Майкл О’Хэнлон (Michael O’Hanlon) и Джереми Шапиро (Jeremy Shapiro) думают примерно так же, но в одном вопросе заходят еще дальше, чем остальные эксперты: «Россия может заявить о своих исторически обоснованных претензиях на Крым, но тогда ей придется провести при участии внешних наблюдателей референдум, который и определит будущее данного региона». Такой довод об «исторически обоснованных претензиях» создаст прецедент для Турции, у которой еще более обоснованные в историческом плане претензии на Крым; Германия может потребовать Калининград, а Швеция устремит взгляд на Киев, ведь там когда-то правили викинги. А потом она может вообще потребовать все Великое Княжество Московское.
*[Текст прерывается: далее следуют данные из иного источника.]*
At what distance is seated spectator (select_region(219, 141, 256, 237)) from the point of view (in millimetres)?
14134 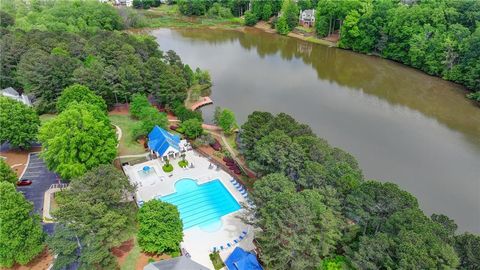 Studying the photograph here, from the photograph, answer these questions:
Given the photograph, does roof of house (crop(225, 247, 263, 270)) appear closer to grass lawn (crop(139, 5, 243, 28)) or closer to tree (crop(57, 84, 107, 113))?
tree (crop(57, 84, 107, 113))

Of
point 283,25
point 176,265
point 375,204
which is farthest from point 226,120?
point 283,25

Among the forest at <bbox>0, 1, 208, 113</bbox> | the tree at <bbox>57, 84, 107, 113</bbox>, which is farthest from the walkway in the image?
the tree at <bbox>57, 84, 107, 113</bbox>

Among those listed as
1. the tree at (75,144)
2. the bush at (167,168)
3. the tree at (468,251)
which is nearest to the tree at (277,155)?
the bush at (167,168)

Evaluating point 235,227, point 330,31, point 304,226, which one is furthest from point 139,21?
point 304,226

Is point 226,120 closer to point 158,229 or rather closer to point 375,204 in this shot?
point 158,229

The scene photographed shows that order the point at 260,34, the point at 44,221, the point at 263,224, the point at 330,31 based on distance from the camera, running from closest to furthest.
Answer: the point at 263,224 < the point at 44,221 < the point at 330,31 < the point at 260,34

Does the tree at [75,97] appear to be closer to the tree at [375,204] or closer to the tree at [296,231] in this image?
the tree at [296,231]

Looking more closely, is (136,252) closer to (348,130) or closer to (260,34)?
(348,130) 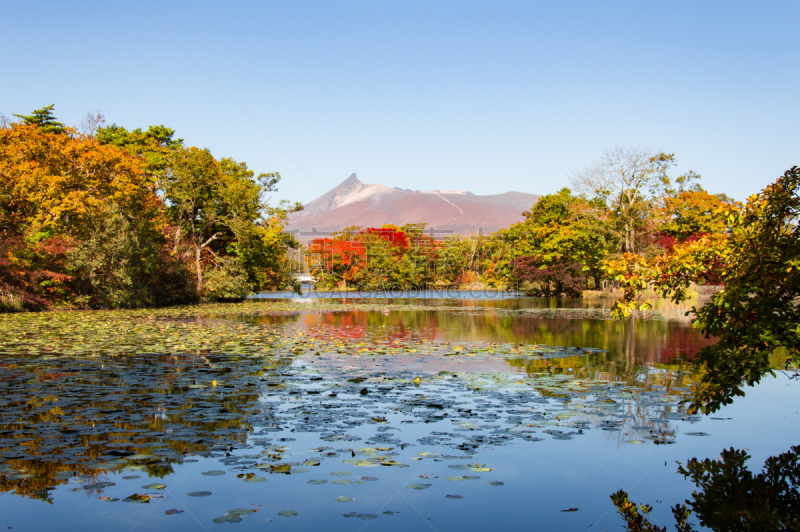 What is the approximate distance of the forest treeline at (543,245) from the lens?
44.9 meters

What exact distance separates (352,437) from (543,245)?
46.1m

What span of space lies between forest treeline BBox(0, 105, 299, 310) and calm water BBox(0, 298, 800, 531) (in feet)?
51.5

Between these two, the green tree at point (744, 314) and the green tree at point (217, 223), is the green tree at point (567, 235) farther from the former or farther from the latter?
the green tree at point (744, 314)

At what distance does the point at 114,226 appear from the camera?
28438mm

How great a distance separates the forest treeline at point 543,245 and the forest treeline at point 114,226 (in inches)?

Сэмюэл Чарап (Samuel Charap) и Джереми Шапиро призывают к заключению «новой сделки», предусматривающей мероприятия организационного характера, которые «будут приемлемы для России». Трудно найти хоть что-то приемлемое для Кремля, который довел до совершенства свое искусство выдвигать нескончаемый поток требований о практических результатах. Эти эксперты признают, что «такая сделка потребует непростых компромиссов», скажем, «признания особой роли России в ее географическом окружении, и прекращения продвижения НАТО и ЕС к российским границам». Это возврат к доктрине Брежнева, многое говорящий нам о том, как эти эксперты смотрят на сегодняшний баланс сил и слабостей, а также на способность Запада разработать такую стратегию, которую Кремль не посчитает его капитуляцией.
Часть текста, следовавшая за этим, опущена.